There are movies, you know, heavy, but the weight can be different. It can be thick, sticky, as if not yet frozen in the jelly, and it's boring. You want to get rid of such sticky gravity as soon as possible - and it is easy to do, you can leave the session or close the player's window. "Joker" is not dense, it is oppressive by a terrible hopelessness of the broken destiny and romanticization of mental disorders and violence. There is no escape from this hopelessness.
Like any self-respecting comic book character that has existed for several decades, the Joker has several stories of origin. And none of the comic book does not coincide with what was shown in the movie Todd Phillips and Joaquin Phoenix.
Phillips told the story of a sick man. He has real problems with his head, he has no money, he has a disabled mother, and the world around him is a cruel world that either does not notice him or wipes his feet. The tie is a banal one. The plots in which the little man begins the revolution, angry at the system, the car and a small bogie. The difference between "Joker" and "Joker" is that here the revolution began by accident. And the purpose of the film is not in it at all.
The main word in my head, which was spinning while watching - is "hurt". It hurt to see what was happening on the screen, it hurt to hear excessively backward whistling tops in the cinema, slightly muted by the thunderous bass of the soundtrack Hildur Goodnadottir, it was painful to understand where everything leads and how it will end.
The advantage of the comic strips is that, however motivating and pseudo-detailed they may be, they are unrealistic. The geniuses who build nuclear reactors into their breasts don't, and neither do super-soldiers, magicians, demons, parallel dimensions, or anything like that (at least until science has proved or made public the existence of all these things). Therefore, comic strips are entertainment of pure water, a window into a nonexistent world for a couple of hours while watching, even if they raise some important or acutely social issues.
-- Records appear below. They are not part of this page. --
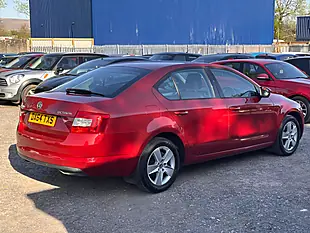 Used 2014 Skoda Octavia Se Red - Interior and Exterior details 7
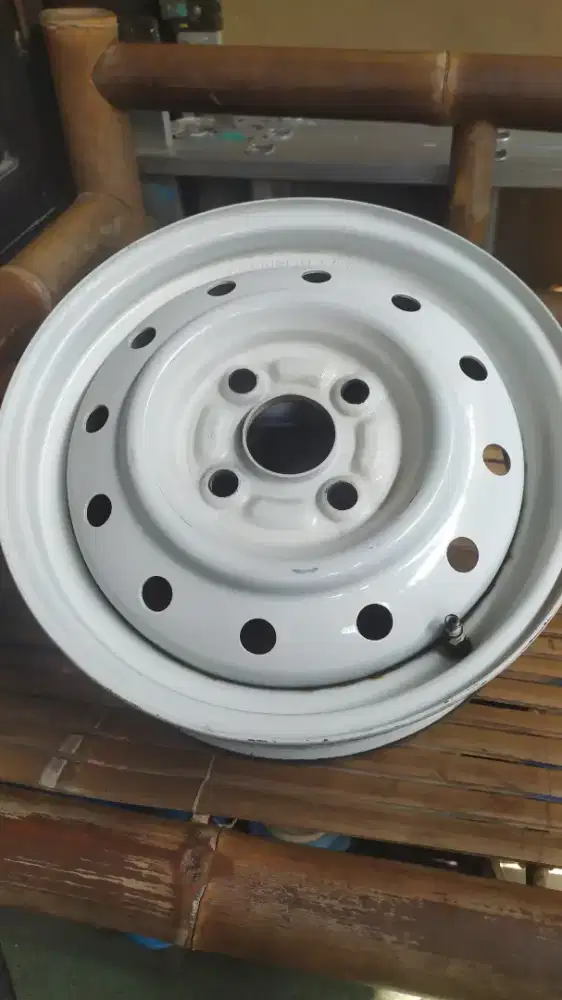 Velg Kaleng INCO r13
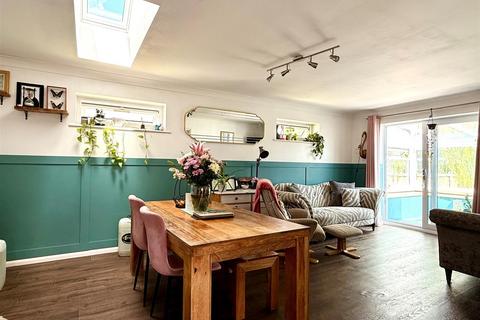 Gosselin Street, Whitstable CT5 3 bed detached bungalow for sale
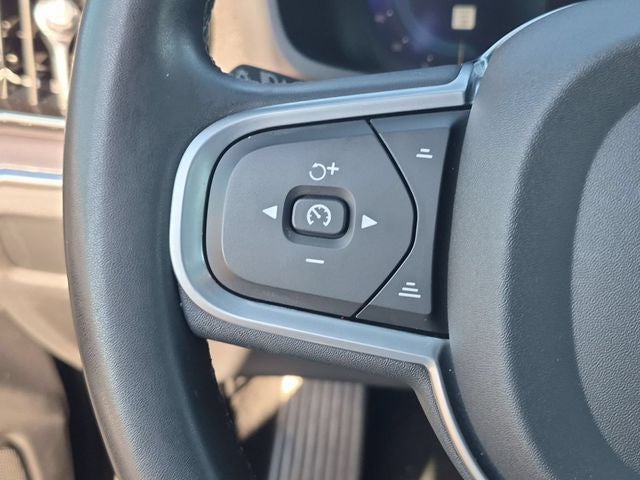 2023 Volvo S60 B5 Plus Black Edition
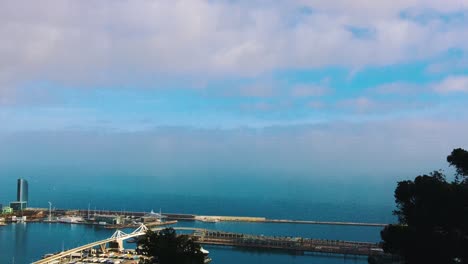 Hermoso-Día-Tranquilo-En-El-Puerto-Marítimo-Internacional-De-Barcelona-Cielos-Azules-Y-Agua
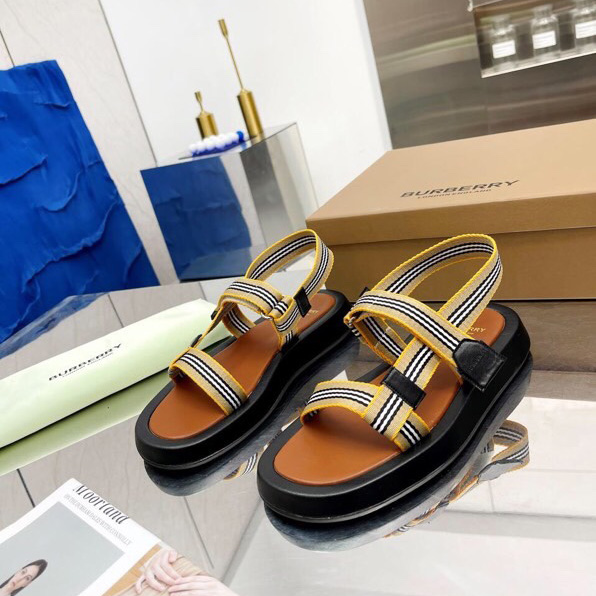 Burberry Icon Stripe Flat Sandals - FashionPlug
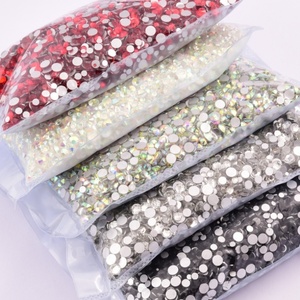 Offre Spéciale – Lot de 14400 Strass en Verre à Dos Plat (Non Thermocollants) Tailles Mixtes SS3-SS20, Couleur Argentée, pour Nail Art et Bricolage - Product Image 4
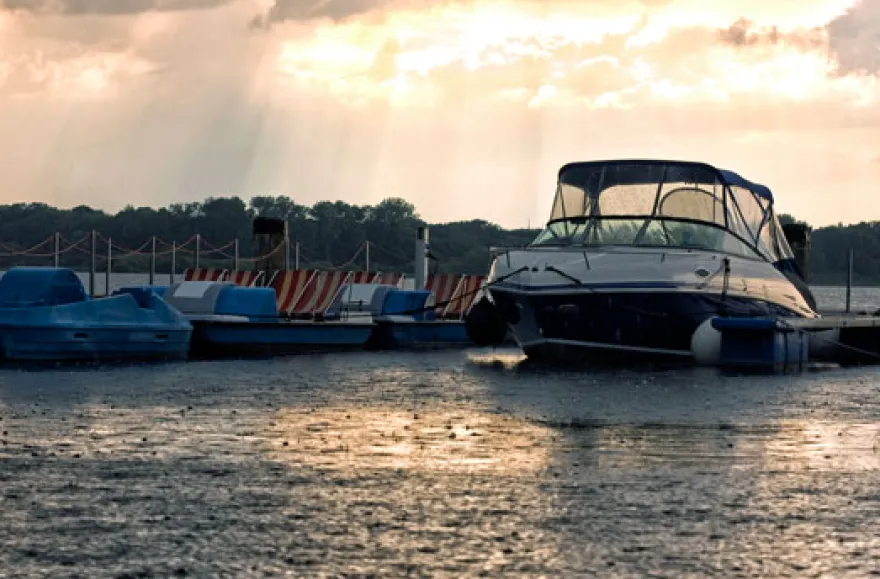 Bootfahren ohne Führerschein auf dem Müritzsee (1 Tag)
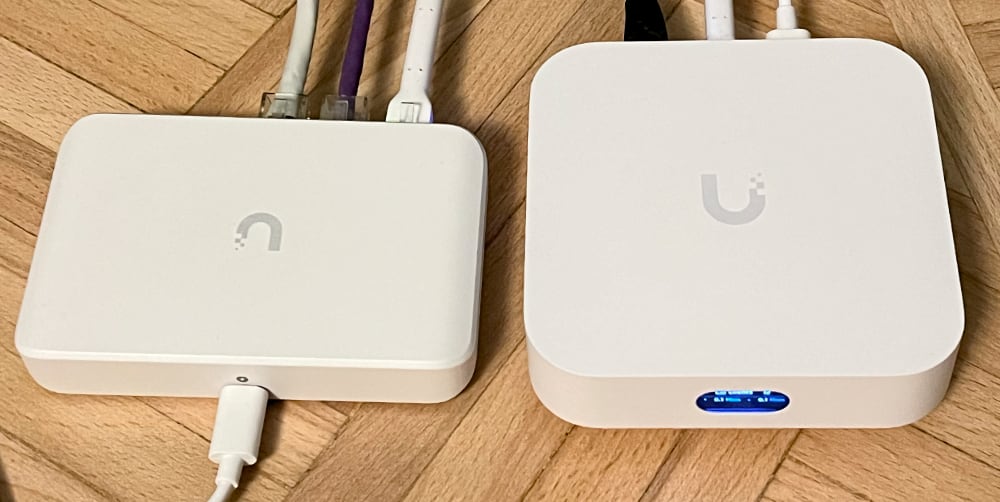 Photo of the UniFi express wireless router and 4 port switch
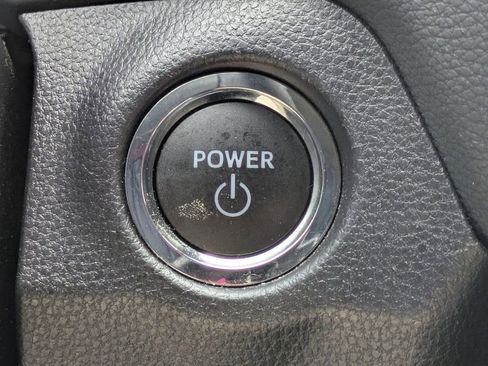 Used 2025 Toyota RAV4 XLE image 17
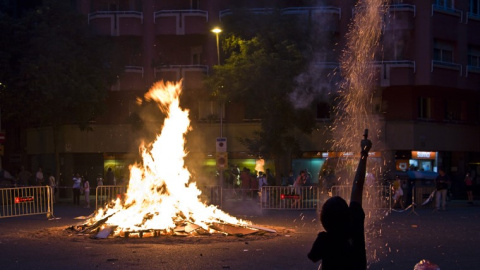 Una hoguera en Barcelona durante la pasada verbena de Sant Joan. Una hoguera en Barcelona durante la pasada verbena de Sant Joan.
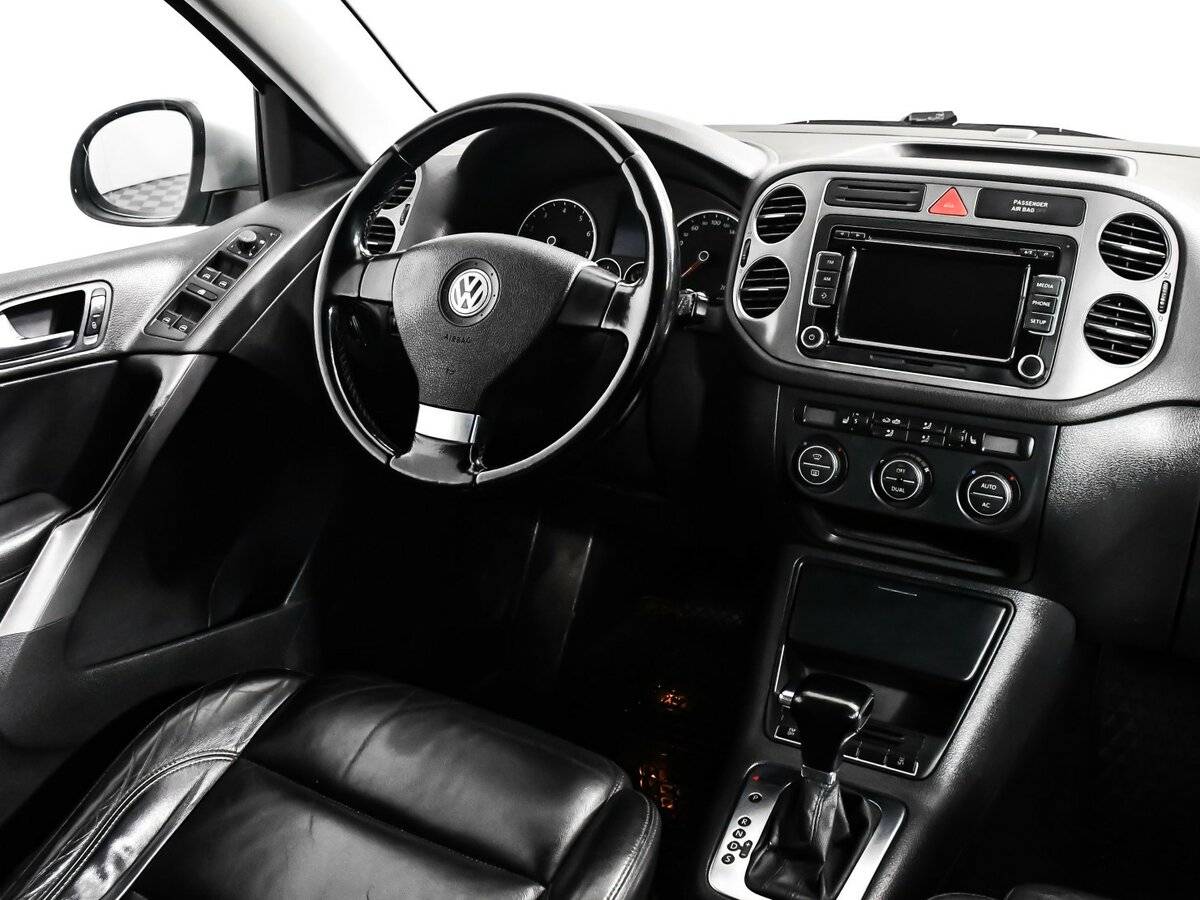 Volkswagen Tiguan с пробегом — 2009 год. Фото: #8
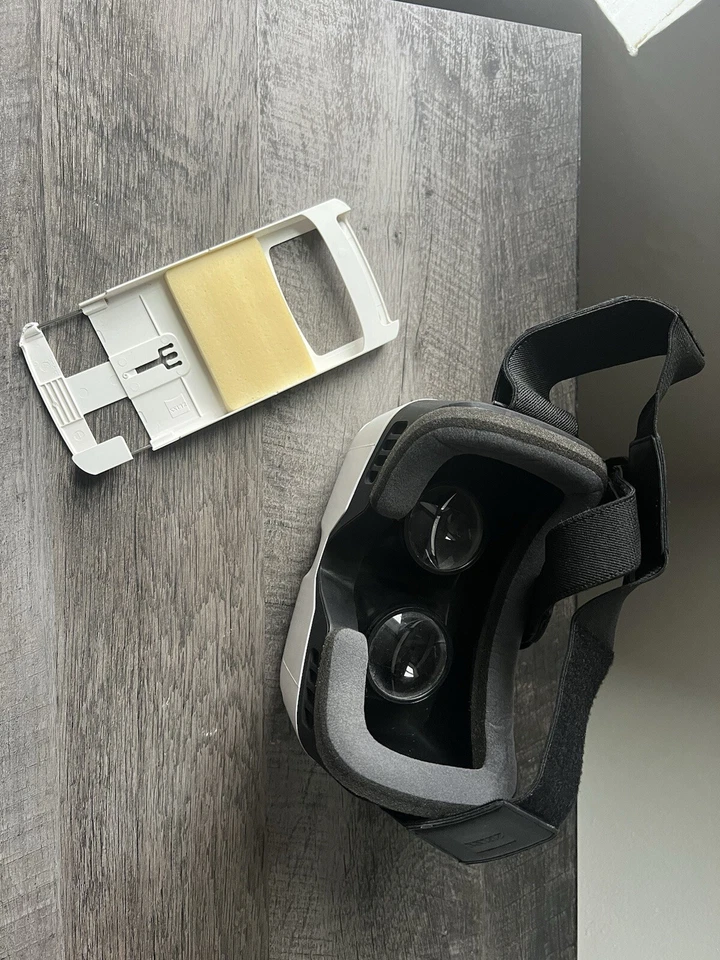 Gafas de realidad virtual Zeiss VR One Plus con correa para la cabeza y control deslizante para teléfono Foto 3 de 4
And if there are no superheroes, there are sick people. Arthur Flack, played by Joaquin Phoenix and reincarnated in the Joker finale, in the interpretation of Todd Phillips becomes frighteningly close to reality. Such people are close by. They walk down the same streets, maybe live on the same landing or work in the same building.
The film is good. Through the secondary, it is compared everywhere with "Taxi Driver" with De Niro and similar paintings, and not in vain - there are really many common moments. But in the "Joker" story, picture and sound are intertwined in such a whole, a single lump of pain and despair that it is simply scary.
Do I need it?
The problem is that this film does not need to be a Joker movie. The term "any two guys" is often used in online literature to refer to stories where you can replace the names of characters with any other ones, and nothing will change from that. With the movie "Joker" the story is similar: instead of Joker himself, Thomas Wayne, other characters can be substituted with any names - and nothing, nothing, nothing, not a bit will change neither in the plot, nor in the message, nor in the gravity of the story. Yes, it is possible to make from the main character some other symbol of revolution instead of a clown, so that copywriters do not eat with giblets. You can easily leave all the strings that connect the movie with the comic strip DC - and then attentive viewers smote a thousand articles about the Easter eggs, references and "possible connection of the new movie with the comic book giant.
And the film would have remained good. I think it would have been even better. And it would not be afraid to put in the festival programs and reward more often than now.